**Records for the exercise:**
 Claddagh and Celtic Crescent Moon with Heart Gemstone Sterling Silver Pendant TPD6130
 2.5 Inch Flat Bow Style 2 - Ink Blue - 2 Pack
...
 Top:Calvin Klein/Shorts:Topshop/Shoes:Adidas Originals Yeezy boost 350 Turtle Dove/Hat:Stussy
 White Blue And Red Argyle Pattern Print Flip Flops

**Assigned task:**
Retype the records above, but only those lines that fall between the line containing "Top:Calvin Klein/Shorts:Topshop/Shoes:Adidas Originals" and the line containing "White Blue And", with both of those lines included, exactly as written.

**Solution:**
 Top:Calvin Klein/Shorts:Topshop/Shoes:Adidas Originals Yeezy boost 350 Turtle Dove/Hat:Stussy
 White Blue And Red Argyle Pattern Print Flip Flops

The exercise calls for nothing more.